# Welcome to Natural Language Processing!

What is Natural Language Processing?

Plug NLTK

In [1]:
import nltk
nltk.download()

showing info https://raw.githubusercontent.com/nltk/nltk_data/gh-pages/index.xml


True

It'll bring up another window. From here, download: 


corpora -> stopwords

all packages -> punkt

corpora -> wordnet

Import everything we need, explain as we use it

In [2]:
import nltk.classify.util
from nltk.corpus import stopwords
from nltk.tokenize import word_tokenize
from nltk.corpus import wordnet

Break apart a sentence(tokenize)

In [3]:
sentence = "This is a test sentence. It will break everything apart!"
sentence.split(" ")

['This',
 'is',
 'a',
 'test',
 'sentence.',
 'It',
 'will',
 'break',
 'everything',
 'apart!']

However, it misses punctuation. Luckily, NLTK has a solution!

In [4]:
sentence = "This is a test sentence. It will break everything apart!"
word_tokenize(sentence)

['This',
 'is',
 'a',
 'test',
 'sentence',
 '.',
 'It',
 'will',
 'break',
 'everything',
 'apart',
 '!']

We can also have NLTK determine the part of speech (POS) for each token in our sentence

In [5]:
nltk.download('averaged_perceptron_tagger')
sentence = "This is a test sentence. It will tag everything!"
w = word_tokenize(sentence)
nltk.pos_tag(w)

[nltk_data] Downloading package averaged_perceptron_tagger to
[nltk_data]     /Users/allisonkahn/nltk_data...
[nltk_data]   Package averaged_perceptron_tagger is already up-to-
[nltk_data]       date!


[('This', 'DT'),
 ('is', 'VBZ'),
 ('a', 'DT'),
 ('test', 'NN'),
 ('sentence', 'NN'),
 ('.', '.'),
 ('It', 'PRP'),
 ('will', 'MD'),
 ('tag', 'VB'),
 ('everything', 'NN'),
 ('!', '.')]

NN means singular noun, JJ means adjective etc.

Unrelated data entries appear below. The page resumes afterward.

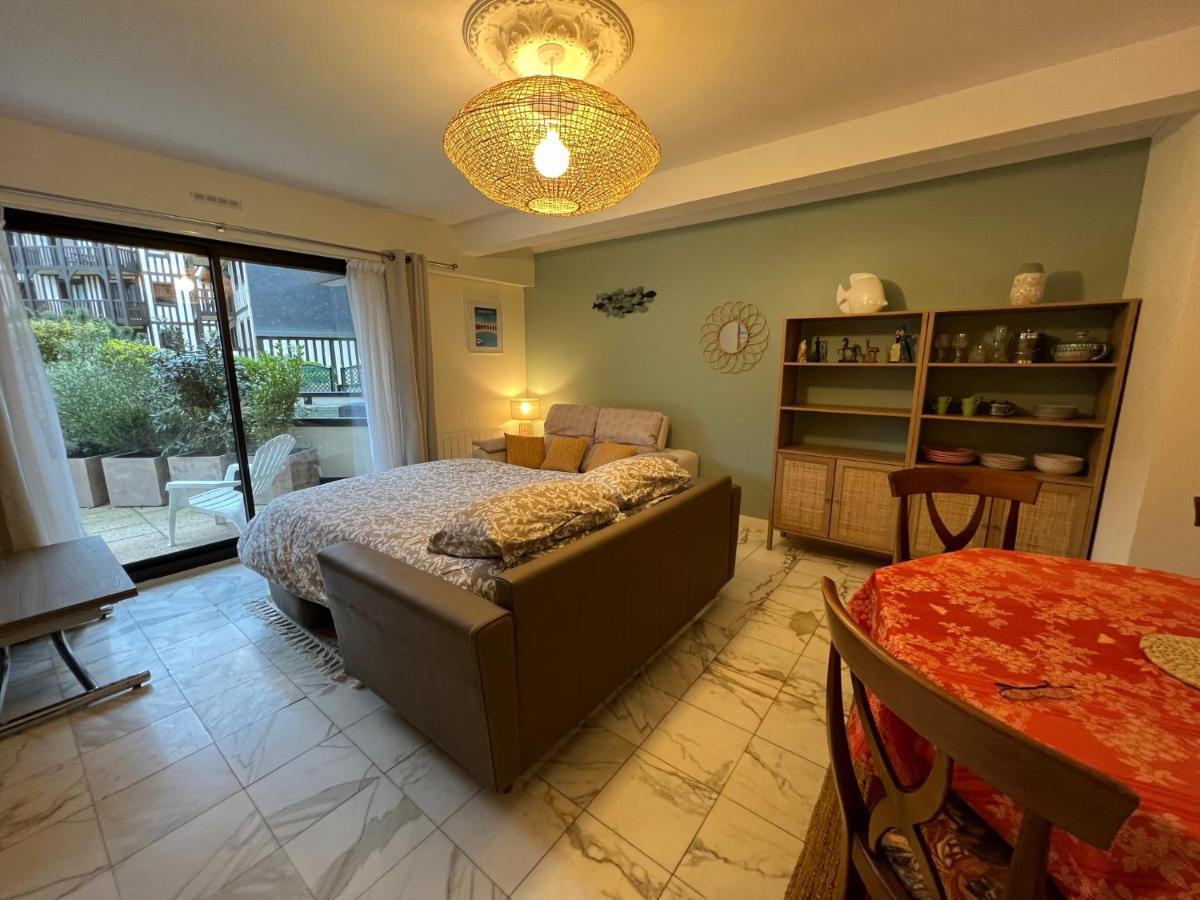 Apartament Cote Jardin - Terrasse, Calme Et Cosy Deauville Zewnętrze zdjęcie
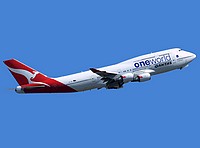 syd/low/VH-OEF - B747-438 Qantas - SYD 11-04-2018b.jpg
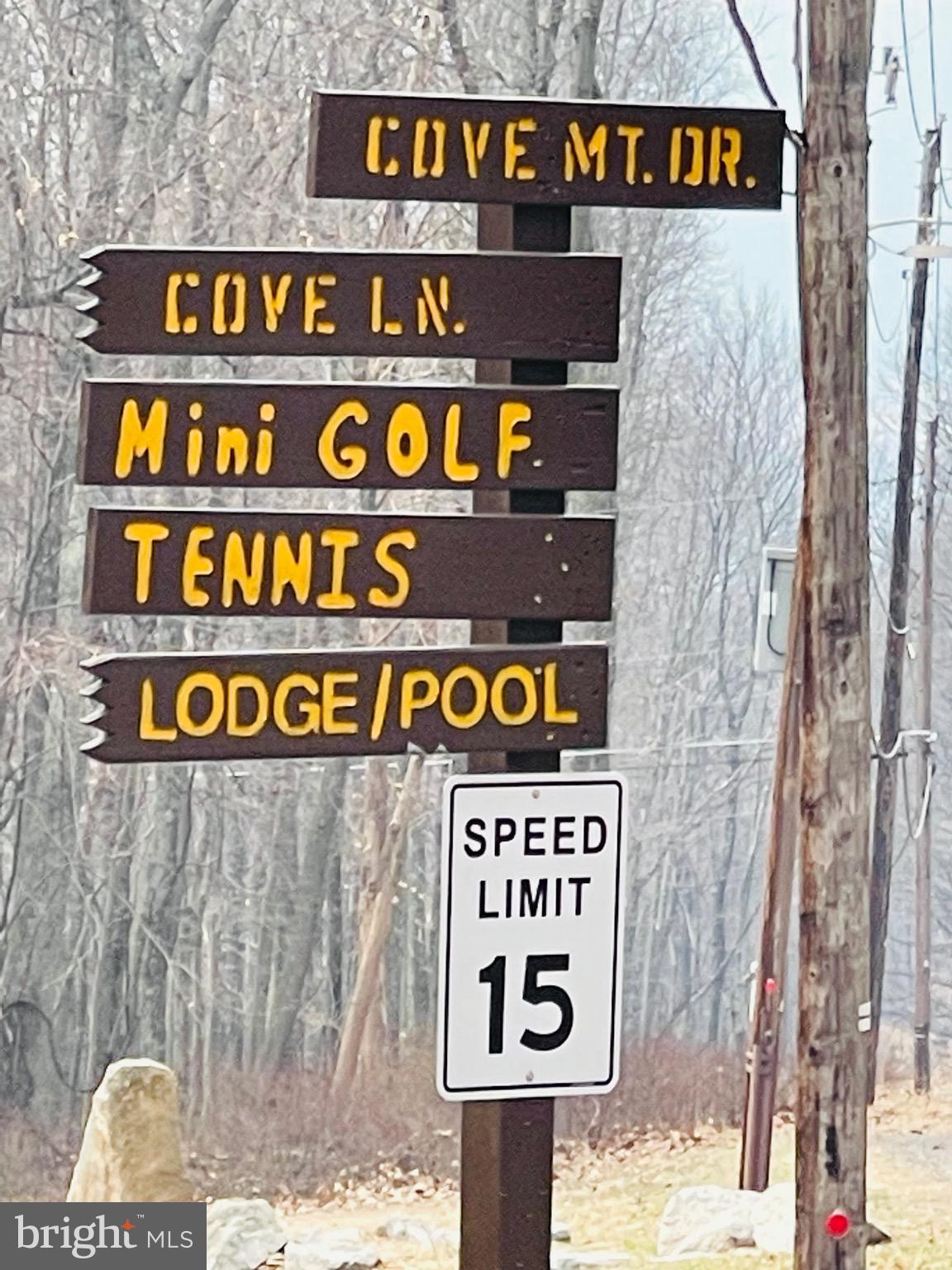 COVE VILLAGE - Land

You can use NTLK to find the definition of words, synonyms, antonyms, etc.

Some words have multiple definitions and multiple parts of speech depending on the usage. This can get very complicated very fast, so for this purpose, we're just going to assume that NLTK knows what its doing.

The next step we have are removing stopwords. Stop words are words that are used for grammaical purposes but carry little meaning (the, a, I, is, etc). 

So, let's remove them. Issue is, there are over 100 English words that are considered stopwords. So unless we want to create a list of stopwords and iterate every word over the list by hand everytime we write a program, we need a new solution.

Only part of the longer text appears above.